▸ INFORMATION SUPPLIED:
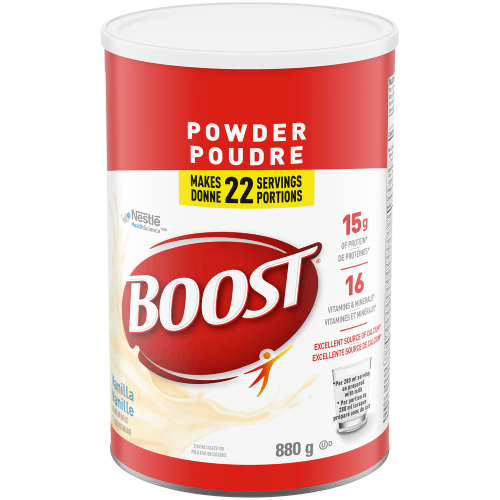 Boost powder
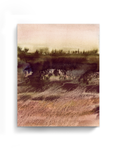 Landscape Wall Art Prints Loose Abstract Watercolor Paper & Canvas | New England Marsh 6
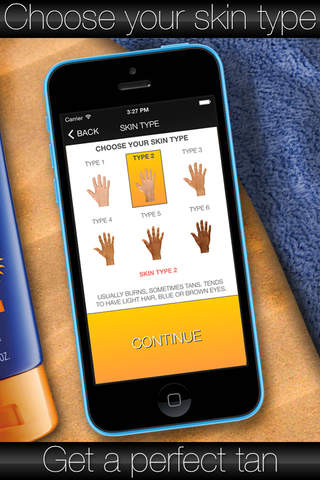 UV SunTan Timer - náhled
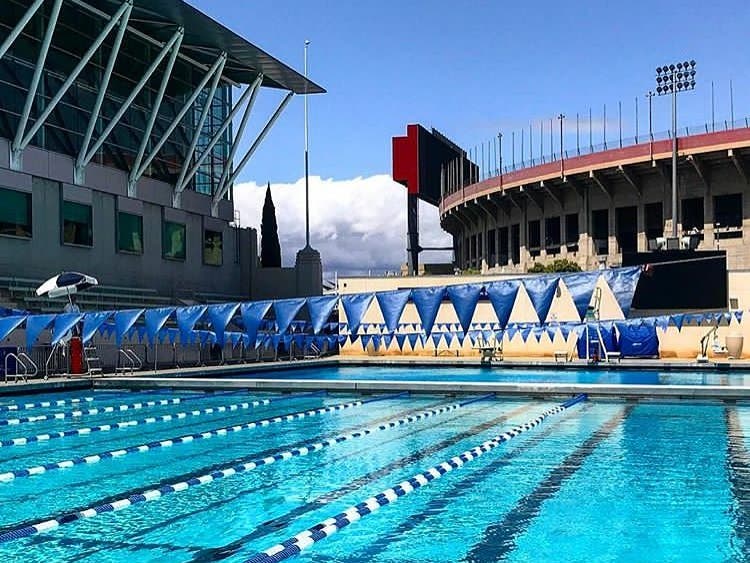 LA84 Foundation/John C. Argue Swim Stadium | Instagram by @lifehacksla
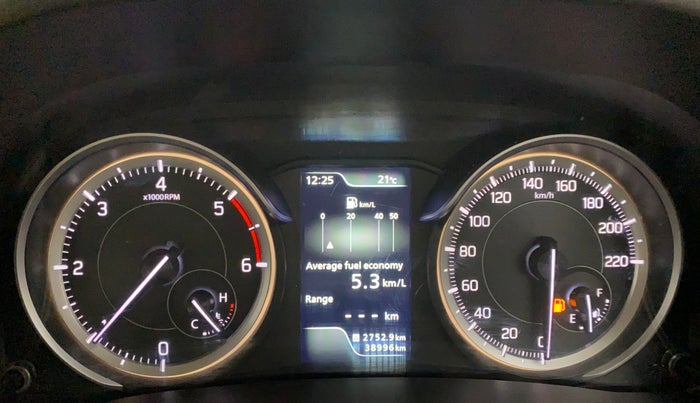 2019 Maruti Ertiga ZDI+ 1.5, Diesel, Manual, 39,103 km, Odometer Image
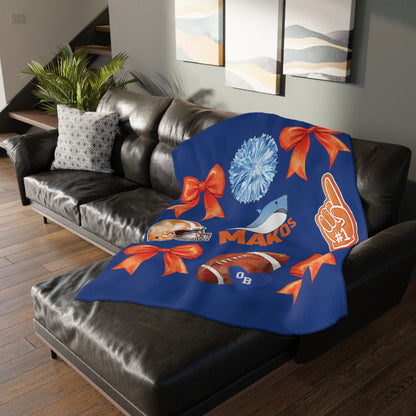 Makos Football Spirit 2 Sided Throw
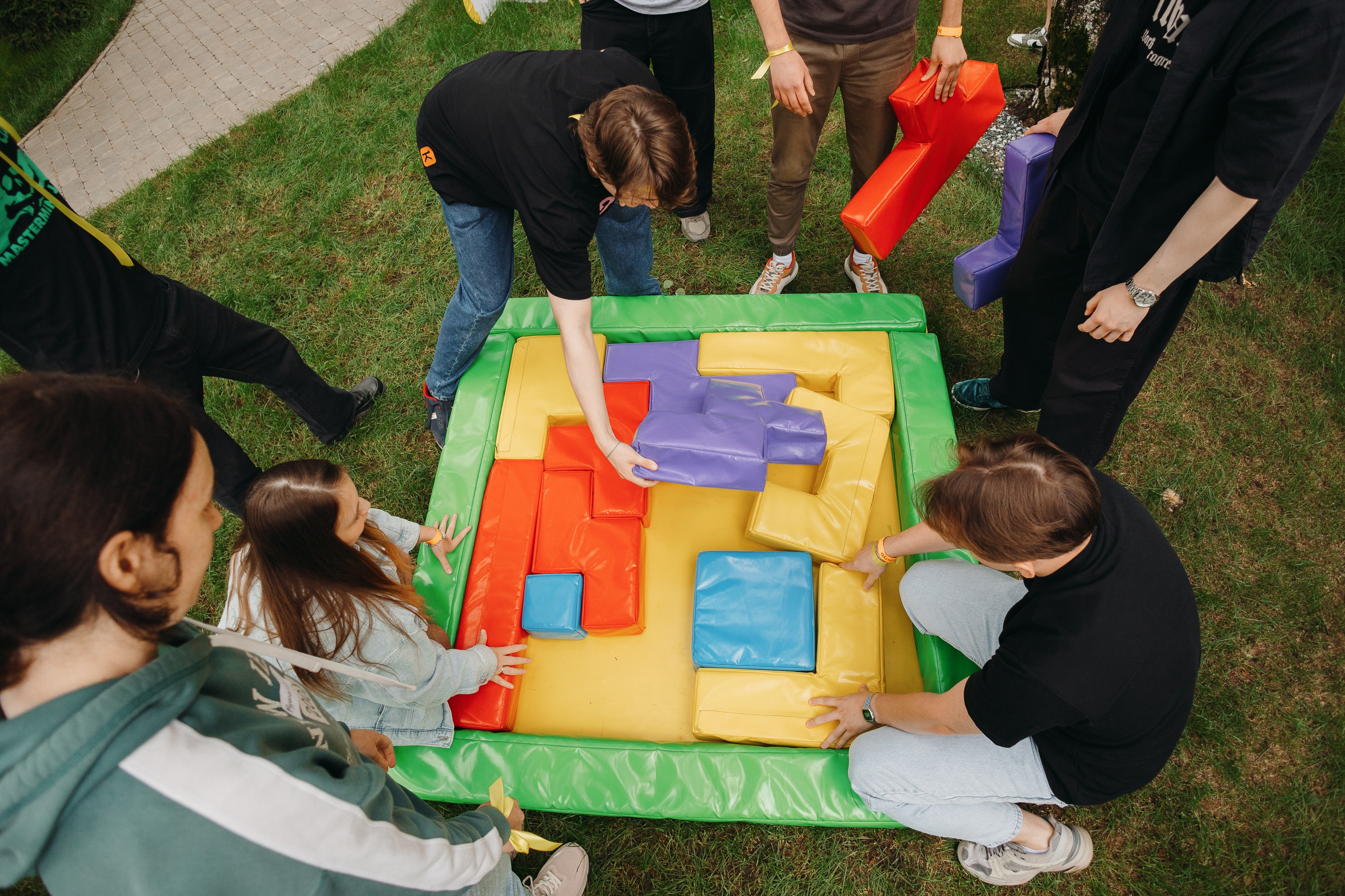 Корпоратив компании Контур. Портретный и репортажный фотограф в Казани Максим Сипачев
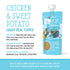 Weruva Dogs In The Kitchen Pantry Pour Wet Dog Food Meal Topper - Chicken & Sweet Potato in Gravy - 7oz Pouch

---

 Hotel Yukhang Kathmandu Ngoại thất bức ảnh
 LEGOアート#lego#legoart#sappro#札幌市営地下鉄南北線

▸ YOUR TASK: Reproduce the listing above from the line that holds "UV SunTan Timer - náhled" through the line that holds "Weruva Dogs In", both included, with the pictures left out.

▸ SOLUTION BELOW:
 UV SunTan Timer - náhled
 LA84 Foundation/John C. Argue Swim Stadium | Instagram by @lifehacksla
 2019 Maruti Ertiga ZDI+ 1.5, Diesel, Manual, 39,103 km, Odometer Image
 Makos Football Spirit 2 Sided Throw
 Корпоратив компании Контур. Портретный и репортажный фотограф в Казани Максим Сипачев
 Weruva Dogs In The Kitchen Pantry Pour Wet Dog Food Meal Topper - Chicken & Sweet Potato in Gravy - 7oz Pouch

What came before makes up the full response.